The concept of market efficiency is frequently being debated by academics and those in the finance industry. On one hand, many believe in the Efficient Market Hypothesis. The EMH, suggests that stock prices fully reflect all available information about a firm’s value making it impossible for someone to gain excess profits. This opinion is supported by research conducted by Eugene F. Fama in the 1960s (1). Under this hypothesis, short term deviations in prices are expected to be random and unpredictable (2). 

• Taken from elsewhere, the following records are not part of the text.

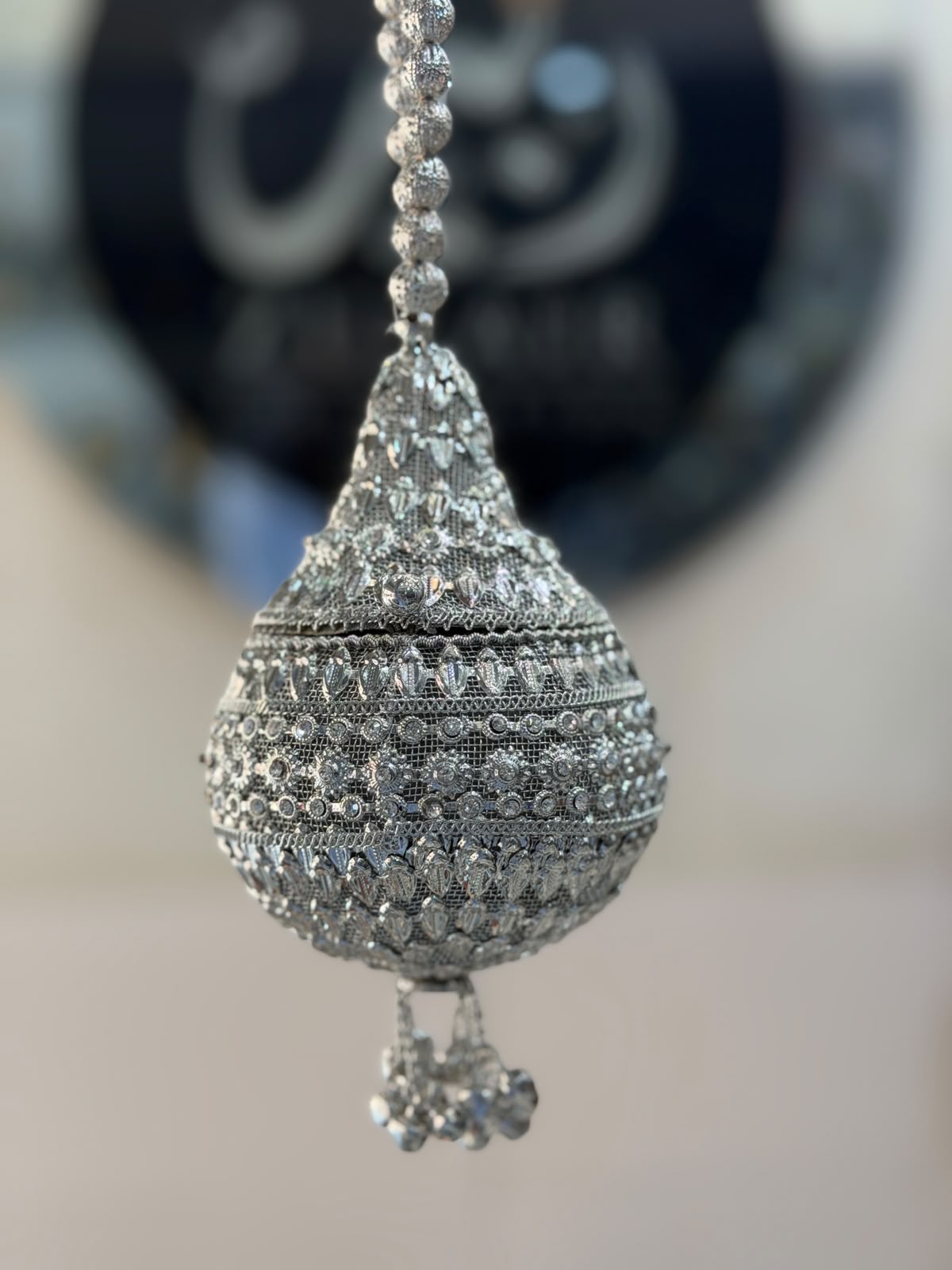 Luxury Siver Heer Collection Clutch_Small Size_Design 19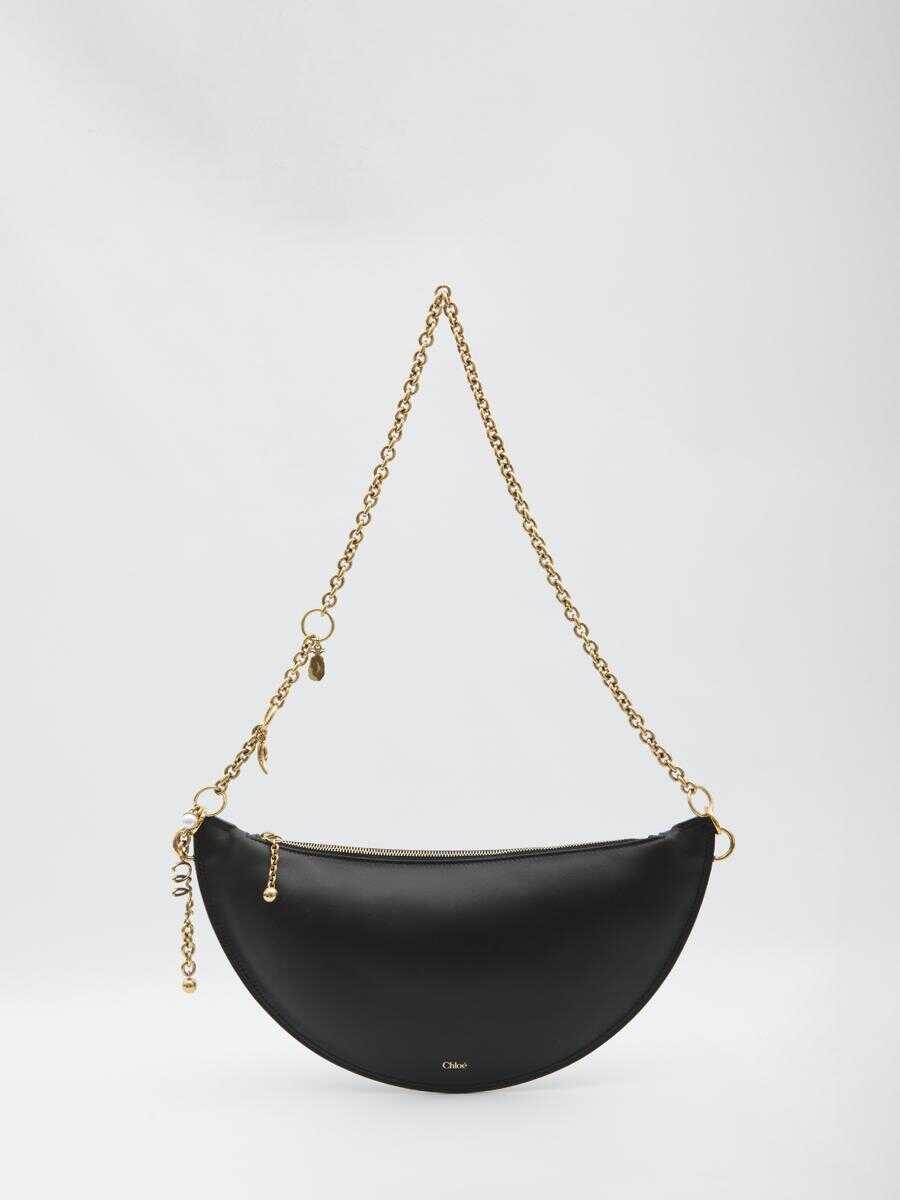 Genti de umar Chloe Halfmoon Bag Black Femei (BM 18528168) 1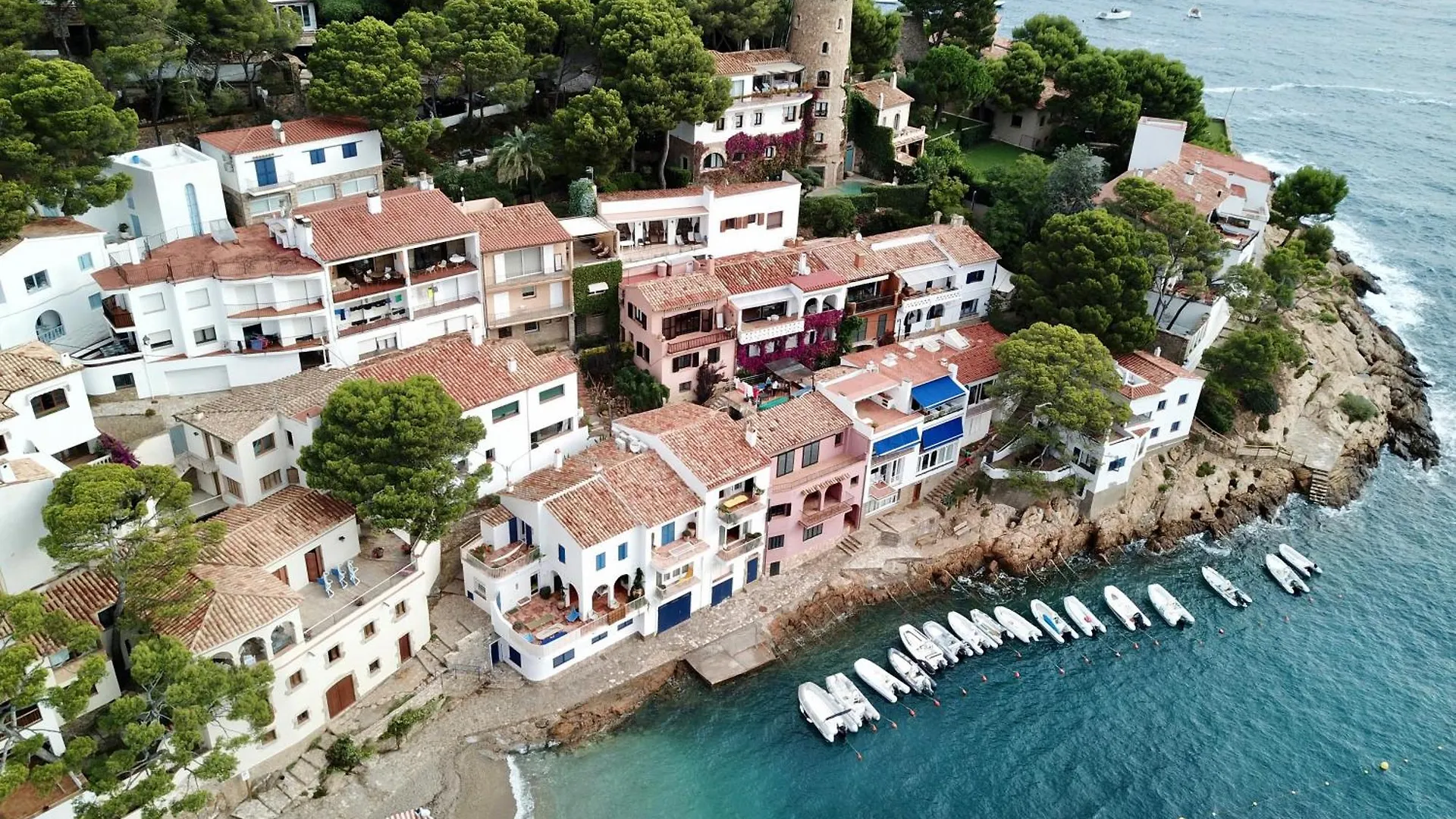 Vakantiehuis Satuna Casa Tipica Mar Begur Spanje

On the other hand, an extensive range of academics have provided evidence that anomalies exist in financial markets which somewhat explain deviation in stock prices (3). Stylized facts are a term used to refer to “empirical findings that are so consistent across markets that they are accepted as truth” (4). ‘Dependence’ is a stylized fact category which looks at autocorrelation (both positive and negative) in stock returns. Short-term reversal is one of the most documented financial anomalies in asset pricing literature which capitalizes on predicting negative autocorrelation in stock returns. It is the theory that last week’s ‘winning’ shares will see abnormal negative returns for the following week, while last week’s ‘losing’ shares will see abnormal positive returns. 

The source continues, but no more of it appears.